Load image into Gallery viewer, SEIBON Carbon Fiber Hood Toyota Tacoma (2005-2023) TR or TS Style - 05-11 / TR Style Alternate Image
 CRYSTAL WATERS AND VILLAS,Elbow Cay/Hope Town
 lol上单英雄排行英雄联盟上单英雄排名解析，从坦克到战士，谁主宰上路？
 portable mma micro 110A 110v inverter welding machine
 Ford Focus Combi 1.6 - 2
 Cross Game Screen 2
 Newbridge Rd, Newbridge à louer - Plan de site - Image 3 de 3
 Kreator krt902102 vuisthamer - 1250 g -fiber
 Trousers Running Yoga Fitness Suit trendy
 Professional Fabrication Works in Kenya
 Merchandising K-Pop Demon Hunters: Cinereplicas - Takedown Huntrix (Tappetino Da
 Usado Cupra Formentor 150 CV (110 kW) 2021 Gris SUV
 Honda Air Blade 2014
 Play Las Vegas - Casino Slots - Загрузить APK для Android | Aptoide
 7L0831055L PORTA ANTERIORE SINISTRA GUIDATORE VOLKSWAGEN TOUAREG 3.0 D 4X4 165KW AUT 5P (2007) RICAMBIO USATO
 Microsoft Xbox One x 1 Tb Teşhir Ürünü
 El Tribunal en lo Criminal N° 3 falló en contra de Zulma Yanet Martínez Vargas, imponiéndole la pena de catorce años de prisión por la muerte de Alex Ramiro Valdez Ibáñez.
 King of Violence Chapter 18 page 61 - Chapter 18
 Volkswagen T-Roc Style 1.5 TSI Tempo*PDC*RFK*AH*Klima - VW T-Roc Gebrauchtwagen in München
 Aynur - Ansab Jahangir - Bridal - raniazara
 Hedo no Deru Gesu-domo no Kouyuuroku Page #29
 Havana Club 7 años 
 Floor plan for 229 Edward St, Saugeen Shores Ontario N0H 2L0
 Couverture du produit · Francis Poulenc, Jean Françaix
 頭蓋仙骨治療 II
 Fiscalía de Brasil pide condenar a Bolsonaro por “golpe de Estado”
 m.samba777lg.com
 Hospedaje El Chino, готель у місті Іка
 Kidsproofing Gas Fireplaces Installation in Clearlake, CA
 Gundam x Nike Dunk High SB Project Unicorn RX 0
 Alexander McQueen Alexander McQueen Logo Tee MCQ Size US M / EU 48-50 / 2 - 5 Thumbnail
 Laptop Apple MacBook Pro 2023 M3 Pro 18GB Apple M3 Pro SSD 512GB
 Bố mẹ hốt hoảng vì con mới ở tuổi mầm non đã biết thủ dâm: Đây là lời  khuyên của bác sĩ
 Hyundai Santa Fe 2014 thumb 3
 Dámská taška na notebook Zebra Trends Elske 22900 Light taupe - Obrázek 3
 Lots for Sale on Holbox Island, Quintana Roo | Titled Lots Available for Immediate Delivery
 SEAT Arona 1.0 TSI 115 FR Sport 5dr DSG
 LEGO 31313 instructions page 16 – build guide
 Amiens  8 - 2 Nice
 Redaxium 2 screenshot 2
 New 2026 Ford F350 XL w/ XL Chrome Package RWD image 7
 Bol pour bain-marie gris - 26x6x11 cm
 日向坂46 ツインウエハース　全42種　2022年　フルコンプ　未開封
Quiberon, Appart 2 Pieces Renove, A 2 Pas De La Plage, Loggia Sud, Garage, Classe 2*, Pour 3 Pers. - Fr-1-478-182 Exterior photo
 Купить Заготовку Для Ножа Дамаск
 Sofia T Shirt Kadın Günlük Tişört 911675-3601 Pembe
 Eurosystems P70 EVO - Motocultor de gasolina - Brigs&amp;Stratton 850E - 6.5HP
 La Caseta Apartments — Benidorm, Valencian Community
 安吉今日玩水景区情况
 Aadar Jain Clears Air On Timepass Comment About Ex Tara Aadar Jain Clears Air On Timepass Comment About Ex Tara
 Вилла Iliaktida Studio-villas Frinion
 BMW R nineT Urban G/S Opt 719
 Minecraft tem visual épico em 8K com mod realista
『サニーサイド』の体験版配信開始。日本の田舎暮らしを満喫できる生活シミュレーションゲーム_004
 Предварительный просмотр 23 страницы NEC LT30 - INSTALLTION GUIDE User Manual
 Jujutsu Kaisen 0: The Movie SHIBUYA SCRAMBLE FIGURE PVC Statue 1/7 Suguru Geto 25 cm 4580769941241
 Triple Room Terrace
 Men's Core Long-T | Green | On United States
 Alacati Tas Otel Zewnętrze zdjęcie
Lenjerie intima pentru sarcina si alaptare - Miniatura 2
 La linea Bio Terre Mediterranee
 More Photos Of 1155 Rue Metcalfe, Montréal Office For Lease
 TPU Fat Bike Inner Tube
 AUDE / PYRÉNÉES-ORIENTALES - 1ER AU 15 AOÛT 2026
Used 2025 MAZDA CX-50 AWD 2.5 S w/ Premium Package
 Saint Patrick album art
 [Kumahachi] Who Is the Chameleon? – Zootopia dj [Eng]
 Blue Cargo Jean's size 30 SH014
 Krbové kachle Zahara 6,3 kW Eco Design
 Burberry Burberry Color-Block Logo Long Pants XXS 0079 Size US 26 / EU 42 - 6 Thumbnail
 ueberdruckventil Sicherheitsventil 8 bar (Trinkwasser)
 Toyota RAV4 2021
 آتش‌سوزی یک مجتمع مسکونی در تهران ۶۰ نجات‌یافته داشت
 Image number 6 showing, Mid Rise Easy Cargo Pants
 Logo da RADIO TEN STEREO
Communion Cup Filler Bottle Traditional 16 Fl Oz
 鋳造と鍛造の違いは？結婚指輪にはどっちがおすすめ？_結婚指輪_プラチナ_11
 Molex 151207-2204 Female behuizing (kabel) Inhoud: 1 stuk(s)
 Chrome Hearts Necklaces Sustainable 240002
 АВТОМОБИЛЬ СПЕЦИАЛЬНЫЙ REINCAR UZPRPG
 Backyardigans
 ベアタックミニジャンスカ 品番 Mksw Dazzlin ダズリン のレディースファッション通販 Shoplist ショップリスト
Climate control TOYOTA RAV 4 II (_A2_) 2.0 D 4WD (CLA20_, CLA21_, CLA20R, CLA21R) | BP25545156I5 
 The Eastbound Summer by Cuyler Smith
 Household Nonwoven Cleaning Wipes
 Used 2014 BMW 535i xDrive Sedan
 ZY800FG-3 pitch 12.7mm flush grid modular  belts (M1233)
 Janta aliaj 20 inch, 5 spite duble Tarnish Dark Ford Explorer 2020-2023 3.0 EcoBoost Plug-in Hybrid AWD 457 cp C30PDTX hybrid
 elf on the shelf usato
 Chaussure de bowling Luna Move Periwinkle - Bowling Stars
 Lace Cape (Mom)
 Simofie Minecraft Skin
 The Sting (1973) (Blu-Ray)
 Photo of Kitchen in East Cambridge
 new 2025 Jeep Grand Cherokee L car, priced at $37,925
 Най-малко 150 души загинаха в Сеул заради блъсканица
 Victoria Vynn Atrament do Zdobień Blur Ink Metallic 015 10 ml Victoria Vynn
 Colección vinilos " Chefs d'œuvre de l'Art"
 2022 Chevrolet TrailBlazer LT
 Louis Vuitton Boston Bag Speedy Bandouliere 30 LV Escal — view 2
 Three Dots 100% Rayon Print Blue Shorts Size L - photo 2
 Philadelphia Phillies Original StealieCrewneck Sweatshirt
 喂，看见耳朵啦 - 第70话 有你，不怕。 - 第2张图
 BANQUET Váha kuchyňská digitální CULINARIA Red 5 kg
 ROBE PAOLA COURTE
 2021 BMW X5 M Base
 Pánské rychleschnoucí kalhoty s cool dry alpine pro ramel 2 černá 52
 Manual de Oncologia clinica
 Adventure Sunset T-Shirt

────────

#### Exercise:
Above this instruction are the records; retype exactly the lines from the one containing "Cross Game Screen 2" up to and including the one containing "Professional Fabrication Works in Kenya".

#### Finished exercise:
 Cross Game Screen 2
 Newbridge Rd, Newbridge à louer - Plan de site - Image 3 de 3
 Kreator krt902102 vuisthamer - 1250 g -fiber
 Trousers Running Yoga Fitness Suit trendy
 Professional Fabrication Works in Kenya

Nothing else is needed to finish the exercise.